Poor RBS. They have had a rough time of it lately. The humiliation of the bailout, the biggest loss in UK corporate history, embarrassment over city bonuses and Sir Fred's pension, having windows smashed by 'anarchists', their own shareholders voting against their pay policy and the loss of 9000 valued employees. RBS are so pathetic I almost feel sorry for them.
And now what! A bunch of students outside their AGM shouting about their fossil fuel investments. Talk about kicking them while they're down.
Whilst this may look like environmentalists jumping on the bank-bashing bandwagon, People & Planet have actually been targeting RBS since long before the term 'credit crunch' entered our vocabulary. The truth is that RBS have for many years been the UK's biggest investor in fossil fuels. That is why RBS/NatWest are in the Big 8. Just as RBS were blind to the sub-prime mortgage time bomb, they are too short-sighted to see that they are investing in the climate crisis.

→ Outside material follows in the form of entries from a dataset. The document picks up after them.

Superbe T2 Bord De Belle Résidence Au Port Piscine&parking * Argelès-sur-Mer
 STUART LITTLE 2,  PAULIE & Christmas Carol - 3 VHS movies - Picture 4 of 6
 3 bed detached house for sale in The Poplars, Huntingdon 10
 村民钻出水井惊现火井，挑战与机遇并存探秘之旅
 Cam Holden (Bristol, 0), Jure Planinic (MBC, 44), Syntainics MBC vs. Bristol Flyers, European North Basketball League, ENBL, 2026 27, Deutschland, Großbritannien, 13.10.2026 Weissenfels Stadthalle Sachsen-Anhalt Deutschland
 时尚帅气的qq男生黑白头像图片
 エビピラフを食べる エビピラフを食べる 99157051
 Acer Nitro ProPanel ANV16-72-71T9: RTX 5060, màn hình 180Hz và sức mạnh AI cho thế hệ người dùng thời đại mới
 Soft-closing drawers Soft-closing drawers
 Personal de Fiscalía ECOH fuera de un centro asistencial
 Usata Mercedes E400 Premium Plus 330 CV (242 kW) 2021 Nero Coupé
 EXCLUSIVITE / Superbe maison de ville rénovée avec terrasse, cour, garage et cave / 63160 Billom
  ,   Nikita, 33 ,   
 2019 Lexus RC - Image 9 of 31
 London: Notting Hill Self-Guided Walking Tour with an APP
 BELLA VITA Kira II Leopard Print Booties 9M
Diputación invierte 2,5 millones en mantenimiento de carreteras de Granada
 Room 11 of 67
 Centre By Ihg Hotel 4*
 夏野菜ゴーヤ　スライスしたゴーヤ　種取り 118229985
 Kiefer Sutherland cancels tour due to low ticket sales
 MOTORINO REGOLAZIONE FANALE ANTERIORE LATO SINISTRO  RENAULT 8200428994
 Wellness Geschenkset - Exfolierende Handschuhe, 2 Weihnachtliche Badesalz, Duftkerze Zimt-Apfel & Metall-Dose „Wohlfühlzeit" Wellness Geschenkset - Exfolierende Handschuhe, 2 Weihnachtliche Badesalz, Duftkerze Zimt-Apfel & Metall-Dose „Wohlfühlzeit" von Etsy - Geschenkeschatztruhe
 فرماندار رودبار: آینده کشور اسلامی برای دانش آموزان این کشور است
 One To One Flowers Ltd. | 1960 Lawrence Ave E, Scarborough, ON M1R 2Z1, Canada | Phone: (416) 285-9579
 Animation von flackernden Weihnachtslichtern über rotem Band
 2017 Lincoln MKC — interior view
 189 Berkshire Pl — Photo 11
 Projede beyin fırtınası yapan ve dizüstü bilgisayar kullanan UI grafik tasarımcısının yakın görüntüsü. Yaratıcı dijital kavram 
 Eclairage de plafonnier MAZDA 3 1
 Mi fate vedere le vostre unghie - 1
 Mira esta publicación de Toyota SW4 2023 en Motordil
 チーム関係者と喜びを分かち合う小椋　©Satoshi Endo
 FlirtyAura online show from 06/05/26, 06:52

However, far from kicking RBS, People & Planet are actually offering them a helping hand. Redemption is theirs if they publicly shed their unethical investments and start financing the green new deal. By getting some of their current detractors onside their outlook would improve dramatically, and, as we now own RBS, the government should be making it happen. However, years of dirty banking may have left them too blind to see this opportunity. If that's the case, the public flogging will continue and the boycott begins in September!
Pete
Very good article, i like the idea of RBS emerging from the black oil darkness of the credit crunch to the flying high green pheonix of the 'green bank of scotland' after all I was quite disturbed to hear yesterday in the budget that the Government don't expect to get our money back from the Banks (treating it as expenditure) so we may as well tell RBS and the Government shareholders to get green or we'll get mean! or should that be meaner
ReplyDeletebut i do like the sentiment that its not the bankers we don't like just the investments that they hold, we don't want to smash windows but their bad investments!
so on those notes maybe we could start an ethical bankers group and see how we could get employees to demand a greener and more stable future for their bank!